And although flight attendants can make excuses not to exercise as well as anyone else, flight attendant Amanda Pleva says, "constant availability of hotel gyms is great. When away from home, the 'I was too busy' excuse can rarely apply."
But for those who aren't careful, this is one active job that can still have the opposite effect of fitness, Pleva is quick to point out. "Hotel and airport food will kill you." Flight attendant can experience pitfalls leading to their version of the Freshman 15 (http://www.freshman15.com/): eating out all the time, drinking (a lot), not packing their own food, and consequently eating poorly on overnights. "I gained about 20 pounds my second year on the job," says Pleva, but she has since developed the habit of packing food and resistance bands.
Rosie Enos is a dog sled tour guide during the winter months at Mt. Bachelor in Oregon, and during the summer, she is a backpacking guide for Roam the Woods, a women's backpacking company. "The great thing? I never have to squeeze in a workout at the end of a long day."
The winter job results in upper body strength. "You are working with Alaskan Huskies that are up to 50 pounds of pure muscle, that are super excited to go for a run, your lifting them, loading them, and trying to hold them back (twelve of them-all attached to one sled!!) Your whole body gets a workout."

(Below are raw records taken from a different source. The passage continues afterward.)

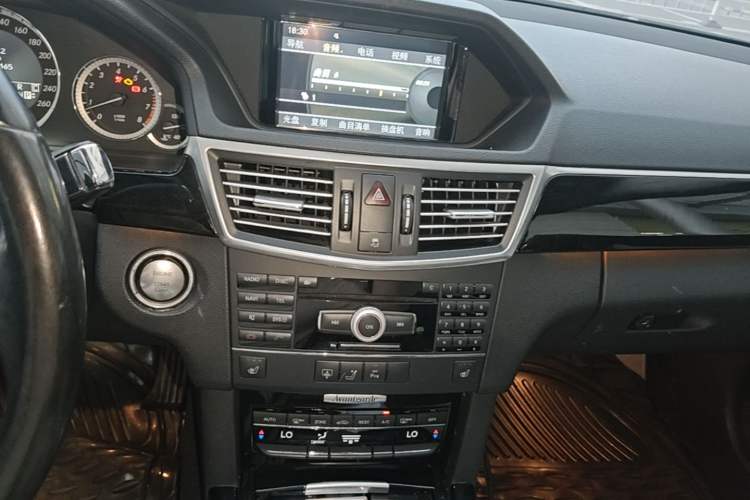 Used Mercedes-Benz E-Class 2009 E 300 Elegant Model Audio And AC Panel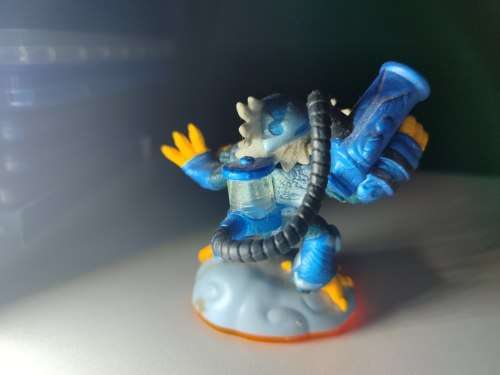 Jet Vac Lightcore Skylanders Giants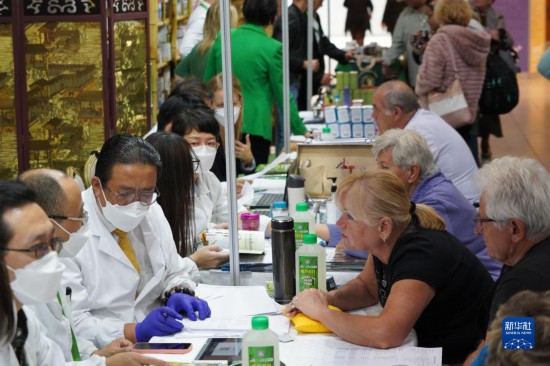 通讯：中医义诊在匈牙利受欢迎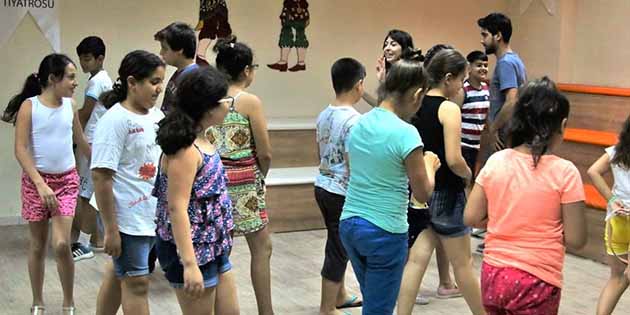 Hatay Büyükşehir Belediyesi Şehir Tiyatrosu, hayata geçirdiği çocuk tiyatrosu kursları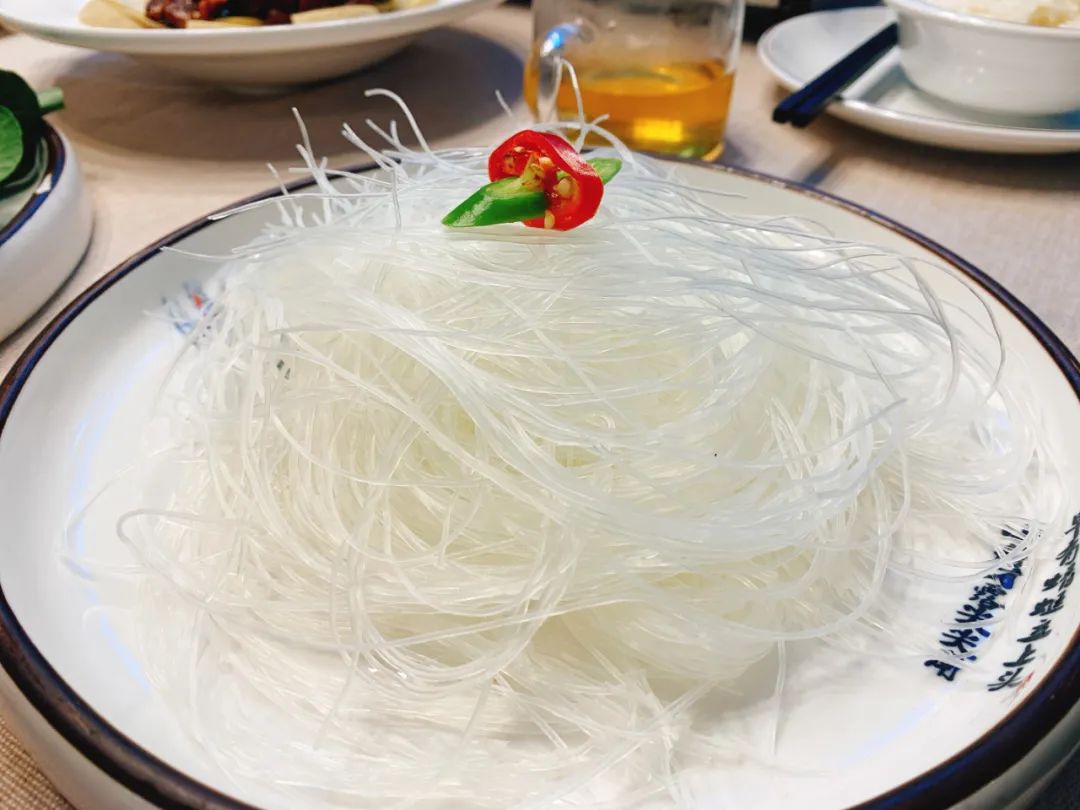 【无需预约·西湖边南山路·12年老店·网红打卡地】品尝地道的庭院私房菜!仅128元享门市价389元【7080庭院餐厅】3-4人餐!√八珍鸡煲暖锅√酱鸭蒸素鸡√庭院小酥肉√生鲜时令蔬菜√农家手工粉丝√黄油煎小米糕√自制马蹄爽~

Her summer job reverses the strength to her lower section. "I do lose some of that upper body strength because you are using your legs as the powerhouse while backpacking. All that I lose in my upper body I gain back in my legs!"
This fitness and work regime doesn't mean she's 100% muscle. "Typically, during the winter I'm not afraid to embrace some fat. On top of all the hard work, it can get cold so some butter in my diet is a lifesaver on the single digit days. As for the summer, backpackers burn between 4,000 - 8,000 calories a day. "During the summer, I eat fairly good on the trail as we use lots of dehydrated veggies in our meals, the best thing on the trail though: Snickers!! In town requirement: a stop at an all-you-can-eat buffet."
When J.J. Kunkle of The Fit Life worked at the Santa Barbara Adventure Company, she says, "our guides were in top shape. When you spend the day leading kayaking, hiking and biking trips-there's no way you can NOT be fit. Even as the office manager I stayed in great shape helping them load and unload kayaks, wash wetsuits and occasionally guiding trips."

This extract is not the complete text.